# Work task
Everything from the first line of the material below through the line containing "The Old Hay Barn Sleeps 2" must be retyped exactly, and nothing past it.

=== Begin Enclosure ===

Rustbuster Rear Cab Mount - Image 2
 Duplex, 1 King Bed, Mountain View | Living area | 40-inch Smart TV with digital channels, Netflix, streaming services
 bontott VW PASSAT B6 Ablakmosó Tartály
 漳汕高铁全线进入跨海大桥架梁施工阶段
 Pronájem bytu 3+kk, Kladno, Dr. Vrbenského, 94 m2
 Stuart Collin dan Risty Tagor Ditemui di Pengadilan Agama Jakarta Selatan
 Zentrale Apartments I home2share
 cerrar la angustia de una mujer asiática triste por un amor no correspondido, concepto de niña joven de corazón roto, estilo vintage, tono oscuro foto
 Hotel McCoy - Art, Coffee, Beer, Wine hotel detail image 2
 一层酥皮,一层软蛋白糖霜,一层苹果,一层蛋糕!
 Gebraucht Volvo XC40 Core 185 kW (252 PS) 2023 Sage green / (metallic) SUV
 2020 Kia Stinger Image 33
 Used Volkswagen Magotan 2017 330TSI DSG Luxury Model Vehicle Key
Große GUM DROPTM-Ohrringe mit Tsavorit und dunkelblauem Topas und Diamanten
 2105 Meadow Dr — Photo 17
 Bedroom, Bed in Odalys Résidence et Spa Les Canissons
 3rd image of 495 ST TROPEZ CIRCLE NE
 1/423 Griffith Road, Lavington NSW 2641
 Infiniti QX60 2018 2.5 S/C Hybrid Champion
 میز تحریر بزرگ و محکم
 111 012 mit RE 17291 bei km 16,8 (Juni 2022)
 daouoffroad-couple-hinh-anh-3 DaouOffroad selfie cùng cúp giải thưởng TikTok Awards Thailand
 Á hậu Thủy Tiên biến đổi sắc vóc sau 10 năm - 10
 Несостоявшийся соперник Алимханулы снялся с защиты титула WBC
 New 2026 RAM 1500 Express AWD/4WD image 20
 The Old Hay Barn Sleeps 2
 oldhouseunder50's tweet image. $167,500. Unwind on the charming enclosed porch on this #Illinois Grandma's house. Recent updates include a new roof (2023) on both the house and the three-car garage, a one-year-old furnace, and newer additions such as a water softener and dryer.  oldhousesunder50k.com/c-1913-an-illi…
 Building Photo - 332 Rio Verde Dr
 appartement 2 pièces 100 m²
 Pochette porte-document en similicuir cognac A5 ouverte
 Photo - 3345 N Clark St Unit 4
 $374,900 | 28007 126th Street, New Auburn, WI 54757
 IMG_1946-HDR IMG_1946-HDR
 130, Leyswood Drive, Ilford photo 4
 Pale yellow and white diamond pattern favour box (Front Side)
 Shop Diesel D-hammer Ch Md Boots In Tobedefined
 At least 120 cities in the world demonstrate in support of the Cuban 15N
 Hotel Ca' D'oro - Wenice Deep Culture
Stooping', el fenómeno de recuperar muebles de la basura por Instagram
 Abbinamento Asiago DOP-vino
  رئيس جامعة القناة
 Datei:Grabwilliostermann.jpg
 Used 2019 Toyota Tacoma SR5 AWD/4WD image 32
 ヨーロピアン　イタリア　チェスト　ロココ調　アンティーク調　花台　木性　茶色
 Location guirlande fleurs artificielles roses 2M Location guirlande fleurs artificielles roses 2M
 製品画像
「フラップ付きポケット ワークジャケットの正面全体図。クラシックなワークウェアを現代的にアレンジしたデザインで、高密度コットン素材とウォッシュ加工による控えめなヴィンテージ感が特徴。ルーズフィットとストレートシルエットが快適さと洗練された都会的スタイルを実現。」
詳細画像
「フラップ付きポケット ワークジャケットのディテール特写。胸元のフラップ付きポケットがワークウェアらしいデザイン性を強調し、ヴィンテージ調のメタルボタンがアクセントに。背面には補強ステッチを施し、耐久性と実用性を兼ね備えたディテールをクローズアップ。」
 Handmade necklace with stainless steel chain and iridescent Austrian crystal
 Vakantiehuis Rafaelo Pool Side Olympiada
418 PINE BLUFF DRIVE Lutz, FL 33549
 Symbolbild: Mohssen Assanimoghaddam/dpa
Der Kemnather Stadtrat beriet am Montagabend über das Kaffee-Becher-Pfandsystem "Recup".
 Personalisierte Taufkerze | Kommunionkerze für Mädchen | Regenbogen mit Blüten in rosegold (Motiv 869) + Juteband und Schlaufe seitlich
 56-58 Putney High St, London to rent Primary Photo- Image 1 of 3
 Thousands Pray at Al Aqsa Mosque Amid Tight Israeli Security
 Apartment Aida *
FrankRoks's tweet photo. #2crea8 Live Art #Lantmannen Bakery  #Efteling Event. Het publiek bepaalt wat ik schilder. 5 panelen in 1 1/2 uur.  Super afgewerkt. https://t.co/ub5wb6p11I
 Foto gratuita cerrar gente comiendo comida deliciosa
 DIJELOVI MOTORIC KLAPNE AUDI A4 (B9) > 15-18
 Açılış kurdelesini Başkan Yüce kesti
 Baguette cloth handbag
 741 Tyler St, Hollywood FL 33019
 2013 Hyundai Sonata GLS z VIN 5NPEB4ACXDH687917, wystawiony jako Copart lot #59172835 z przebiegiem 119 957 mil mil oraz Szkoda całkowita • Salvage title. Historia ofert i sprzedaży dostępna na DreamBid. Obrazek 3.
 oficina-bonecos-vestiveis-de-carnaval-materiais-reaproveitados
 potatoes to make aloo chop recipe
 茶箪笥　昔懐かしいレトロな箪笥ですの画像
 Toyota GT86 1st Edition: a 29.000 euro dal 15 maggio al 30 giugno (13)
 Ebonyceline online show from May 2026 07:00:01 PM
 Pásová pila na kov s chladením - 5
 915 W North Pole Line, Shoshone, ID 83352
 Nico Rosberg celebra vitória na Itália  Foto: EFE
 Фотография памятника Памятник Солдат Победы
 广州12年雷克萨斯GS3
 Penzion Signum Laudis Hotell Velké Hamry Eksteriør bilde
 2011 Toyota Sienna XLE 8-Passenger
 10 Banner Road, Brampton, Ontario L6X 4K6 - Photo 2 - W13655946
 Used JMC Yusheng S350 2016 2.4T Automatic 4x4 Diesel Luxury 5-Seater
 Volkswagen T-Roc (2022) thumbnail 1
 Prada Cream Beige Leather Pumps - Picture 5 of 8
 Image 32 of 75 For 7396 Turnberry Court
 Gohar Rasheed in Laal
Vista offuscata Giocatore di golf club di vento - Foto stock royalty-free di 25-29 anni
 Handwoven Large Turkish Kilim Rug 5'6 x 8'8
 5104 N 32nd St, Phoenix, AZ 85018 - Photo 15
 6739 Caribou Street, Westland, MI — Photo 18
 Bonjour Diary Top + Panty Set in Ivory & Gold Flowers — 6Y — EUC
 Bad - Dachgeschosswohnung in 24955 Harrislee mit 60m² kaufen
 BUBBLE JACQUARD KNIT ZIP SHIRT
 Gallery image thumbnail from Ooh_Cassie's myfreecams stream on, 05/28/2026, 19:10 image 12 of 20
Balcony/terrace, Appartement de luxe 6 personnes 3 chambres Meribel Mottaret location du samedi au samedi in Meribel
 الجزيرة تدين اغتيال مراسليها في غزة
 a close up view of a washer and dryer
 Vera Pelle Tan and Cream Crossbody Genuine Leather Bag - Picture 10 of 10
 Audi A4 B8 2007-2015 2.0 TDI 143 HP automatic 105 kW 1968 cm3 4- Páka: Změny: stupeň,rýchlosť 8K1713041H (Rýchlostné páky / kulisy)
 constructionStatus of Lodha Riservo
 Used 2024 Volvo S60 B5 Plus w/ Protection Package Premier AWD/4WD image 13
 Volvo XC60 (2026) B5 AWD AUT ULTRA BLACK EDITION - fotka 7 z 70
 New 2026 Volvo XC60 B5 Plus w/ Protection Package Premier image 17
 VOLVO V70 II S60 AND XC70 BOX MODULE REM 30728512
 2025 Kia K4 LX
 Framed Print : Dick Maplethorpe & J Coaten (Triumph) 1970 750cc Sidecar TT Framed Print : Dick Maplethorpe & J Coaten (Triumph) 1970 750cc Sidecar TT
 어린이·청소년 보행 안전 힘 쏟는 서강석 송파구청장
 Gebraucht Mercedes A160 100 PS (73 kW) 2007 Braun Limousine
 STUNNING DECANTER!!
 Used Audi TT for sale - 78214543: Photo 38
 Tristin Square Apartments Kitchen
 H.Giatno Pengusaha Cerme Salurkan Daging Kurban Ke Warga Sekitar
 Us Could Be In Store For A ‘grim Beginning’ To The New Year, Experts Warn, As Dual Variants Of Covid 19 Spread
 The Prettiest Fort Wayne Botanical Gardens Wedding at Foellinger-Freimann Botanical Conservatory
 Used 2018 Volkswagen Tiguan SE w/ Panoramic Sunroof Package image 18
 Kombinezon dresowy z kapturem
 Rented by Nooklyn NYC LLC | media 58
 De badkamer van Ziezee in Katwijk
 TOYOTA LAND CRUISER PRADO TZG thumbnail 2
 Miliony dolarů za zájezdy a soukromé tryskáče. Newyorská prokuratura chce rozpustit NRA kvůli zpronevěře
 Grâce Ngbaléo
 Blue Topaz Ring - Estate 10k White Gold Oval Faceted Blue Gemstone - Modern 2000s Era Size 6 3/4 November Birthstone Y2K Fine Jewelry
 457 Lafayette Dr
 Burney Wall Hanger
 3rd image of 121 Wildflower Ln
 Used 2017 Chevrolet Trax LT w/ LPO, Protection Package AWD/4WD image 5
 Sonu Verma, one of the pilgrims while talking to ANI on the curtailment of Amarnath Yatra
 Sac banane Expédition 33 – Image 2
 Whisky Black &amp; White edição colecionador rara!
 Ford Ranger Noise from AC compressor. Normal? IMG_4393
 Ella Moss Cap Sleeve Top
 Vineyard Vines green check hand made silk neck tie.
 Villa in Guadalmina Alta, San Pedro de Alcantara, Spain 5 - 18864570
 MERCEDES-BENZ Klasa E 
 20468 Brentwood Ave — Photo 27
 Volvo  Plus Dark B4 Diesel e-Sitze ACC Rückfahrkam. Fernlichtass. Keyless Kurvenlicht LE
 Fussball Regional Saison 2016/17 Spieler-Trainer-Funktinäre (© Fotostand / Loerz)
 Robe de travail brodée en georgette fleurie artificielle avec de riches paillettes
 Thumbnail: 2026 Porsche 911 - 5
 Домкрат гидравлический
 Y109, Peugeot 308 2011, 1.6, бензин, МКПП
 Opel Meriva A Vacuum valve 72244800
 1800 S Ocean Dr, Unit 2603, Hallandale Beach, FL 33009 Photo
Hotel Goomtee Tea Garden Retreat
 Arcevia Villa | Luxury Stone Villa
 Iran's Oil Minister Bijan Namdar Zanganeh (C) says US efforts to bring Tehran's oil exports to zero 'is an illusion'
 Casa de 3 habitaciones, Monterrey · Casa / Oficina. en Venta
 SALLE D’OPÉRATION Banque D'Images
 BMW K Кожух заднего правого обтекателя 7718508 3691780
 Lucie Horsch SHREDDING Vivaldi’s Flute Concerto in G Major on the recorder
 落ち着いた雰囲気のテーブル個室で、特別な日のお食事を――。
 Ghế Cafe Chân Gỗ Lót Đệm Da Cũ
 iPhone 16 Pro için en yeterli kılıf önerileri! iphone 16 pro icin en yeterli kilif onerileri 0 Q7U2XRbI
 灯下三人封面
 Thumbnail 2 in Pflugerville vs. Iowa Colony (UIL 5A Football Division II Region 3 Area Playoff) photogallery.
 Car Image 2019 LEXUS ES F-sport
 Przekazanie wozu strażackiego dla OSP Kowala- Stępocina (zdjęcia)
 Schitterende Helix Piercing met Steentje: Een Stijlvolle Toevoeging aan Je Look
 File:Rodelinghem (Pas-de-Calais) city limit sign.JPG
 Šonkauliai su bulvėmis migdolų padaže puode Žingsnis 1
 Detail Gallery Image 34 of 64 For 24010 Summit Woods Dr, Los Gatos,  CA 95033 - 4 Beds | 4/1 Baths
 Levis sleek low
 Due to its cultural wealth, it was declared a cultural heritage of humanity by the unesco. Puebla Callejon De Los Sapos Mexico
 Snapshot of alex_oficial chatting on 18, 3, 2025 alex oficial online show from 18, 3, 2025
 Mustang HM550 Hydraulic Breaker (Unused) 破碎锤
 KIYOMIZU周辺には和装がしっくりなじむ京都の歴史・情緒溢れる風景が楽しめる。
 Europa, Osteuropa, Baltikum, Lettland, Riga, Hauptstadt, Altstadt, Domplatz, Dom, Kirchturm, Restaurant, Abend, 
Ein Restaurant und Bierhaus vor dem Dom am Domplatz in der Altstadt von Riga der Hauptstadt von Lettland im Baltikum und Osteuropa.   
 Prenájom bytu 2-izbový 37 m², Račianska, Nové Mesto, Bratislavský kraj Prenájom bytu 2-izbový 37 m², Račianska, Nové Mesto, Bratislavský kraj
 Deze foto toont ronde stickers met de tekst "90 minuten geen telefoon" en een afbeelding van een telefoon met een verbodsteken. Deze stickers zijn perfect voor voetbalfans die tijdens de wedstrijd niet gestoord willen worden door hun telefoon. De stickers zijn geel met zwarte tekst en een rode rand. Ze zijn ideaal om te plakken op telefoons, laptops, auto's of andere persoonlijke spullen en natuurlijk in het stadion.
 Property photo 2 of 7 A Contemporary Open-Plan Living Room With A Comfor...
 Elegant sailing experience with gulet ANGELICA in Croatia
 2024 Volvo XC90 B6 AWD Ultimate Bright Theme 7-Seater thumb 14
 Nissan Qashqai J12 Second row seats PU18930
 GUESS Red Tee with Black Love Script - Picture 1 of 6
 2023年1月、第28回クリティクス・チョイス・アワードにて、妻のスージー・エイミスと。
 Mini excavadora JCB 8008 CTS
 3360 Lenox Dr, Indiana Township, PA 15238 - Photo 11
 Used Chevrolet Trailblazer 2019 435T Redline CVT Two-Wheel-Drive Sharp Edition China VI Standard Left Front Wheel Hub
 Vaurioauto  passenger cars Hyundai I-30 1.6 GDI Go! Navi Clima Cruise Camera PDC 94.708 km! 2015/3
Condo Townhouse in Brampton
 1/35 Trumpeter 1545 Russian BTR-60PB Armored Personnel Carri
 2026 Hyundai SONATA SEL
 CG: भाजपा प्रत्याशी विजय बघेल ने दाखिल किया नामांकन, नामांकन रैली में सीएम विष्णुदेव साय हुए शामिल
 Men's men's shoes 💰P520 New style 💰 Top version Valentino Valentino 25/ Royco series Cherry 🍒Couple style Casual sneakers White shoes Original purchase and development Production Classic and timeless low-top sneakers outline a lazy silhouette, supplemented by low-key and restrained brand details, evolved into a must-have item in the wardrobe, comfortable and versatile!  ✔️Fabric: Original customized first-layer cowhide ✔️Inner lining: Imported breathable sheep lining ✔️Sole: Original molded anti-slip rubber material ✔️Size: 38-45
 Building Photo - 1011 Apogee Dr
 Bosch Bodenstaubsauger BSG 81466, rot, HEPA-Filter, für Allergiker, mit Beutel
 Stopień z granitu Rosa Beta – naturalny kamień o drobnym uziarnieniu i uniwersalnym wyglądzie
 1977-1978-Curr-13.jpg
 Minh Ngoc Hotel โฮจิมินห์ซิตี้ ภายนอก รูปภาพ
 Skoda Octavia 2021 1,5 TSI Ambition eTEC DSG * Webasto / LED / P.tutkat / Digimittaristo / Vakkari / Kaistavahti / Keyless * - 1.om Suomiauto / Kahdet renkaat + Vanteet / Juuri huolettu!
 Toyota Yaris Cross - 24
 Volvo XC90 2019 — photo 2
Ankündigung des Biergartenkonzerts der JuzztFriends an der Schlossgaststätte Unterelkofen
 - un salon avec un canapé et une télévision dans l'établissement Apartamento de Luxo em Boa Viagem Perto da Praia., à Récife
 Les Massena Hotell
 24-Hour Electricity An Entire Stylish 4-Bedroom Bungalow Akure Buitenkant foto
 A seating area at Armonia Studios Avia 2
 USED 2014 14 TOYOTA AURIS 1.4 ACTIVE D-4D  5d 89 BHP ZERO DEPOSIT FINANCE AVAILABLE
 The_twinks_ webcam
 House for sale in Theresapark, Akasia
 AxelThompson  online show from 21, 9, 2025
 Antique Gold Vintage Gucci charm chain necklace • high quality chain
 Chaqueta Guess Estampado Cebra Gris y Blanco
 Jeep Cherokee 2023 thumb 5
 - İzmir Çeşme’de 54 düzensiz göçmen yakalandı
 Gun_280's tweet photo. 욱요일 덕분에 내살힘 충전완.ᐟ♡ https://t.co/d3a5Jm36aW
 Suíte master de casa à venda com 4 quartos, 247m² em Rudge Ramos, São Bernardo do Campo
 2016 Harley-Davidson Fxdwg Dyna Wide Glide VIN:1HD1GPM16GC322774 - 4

=== End Enclosure ===

# Task answer
Rustbuster Rear Cab Mount - Image 2
 Duplex, 1 King Bed, Mountain View | Living area | 40-inch Smart TV with digital channels, Netflix, streaming services
 bontott VW PASSAT B6 Ablakmosó Tartály
 漳汕高铁全线进入跨海大桥架梁施工阶段
 Pronájem bytu 3+kk, Kladno, Dr. Vrbenského, 94 m2
 Stuart Collin dan Risty Tagor Ditemui di Pengadilan Agama Jakarta Selatan
 Zentrale Apartments I home2share
 cerrar la angustia de una mujer asiática triste por un amor no correspondido, concepto de niña joven de corazón roto, estilo vintage, tono oscuro foto
 Hotel McCoy - Art, Coffee, Beer, Wine hotel detail image 2
 一层酥皮,一层软蛋白糖霜,一层苹果,一层蛋糕!
 Gebraucht Volvo XC40 Core 185 kW (252 PS) 2023 Sage green / (metallic) SUV
 2020 Kia Stinger Image 33
 Used Volkswagen Magotan 2017 330TSI DSG Luxury Model Vehicle Key
Große GUM DROPTM-Ohrringe mit Tsavorit und dunkelblauem Topas und Diamanten
 2105 Meadow Dr — Photo 17
 Bedroom, Bed in Odalys Résidence et Spa Les Canissons
 3rd image of 495 ST TROPEZ CIRCLE NE
 1/423 Griffith Road, Lavington NSW 2641
 Infiniti QX60 2018 2.5 S/C Hybrid Champion
 میز تحریر بزرگ و محکم
 111 012 mit RE 17291 bei km 16,8 (Juni 2022)
 daouoffroad-couple-hinh-anh-3 DaouOffroad selfie cùng cúp giải thưởng TikTok Awards Thailand
 Á hậu Thủy Tiên biến đổi sắc vóc sau 10 năm - 10
 Несостоявшийся соперник Алимханулы снялся с защиты титула WBC
 New 2026 RAM 1500 Express AWD/4WD image 20
 The Old Hay Barn Sleeps 2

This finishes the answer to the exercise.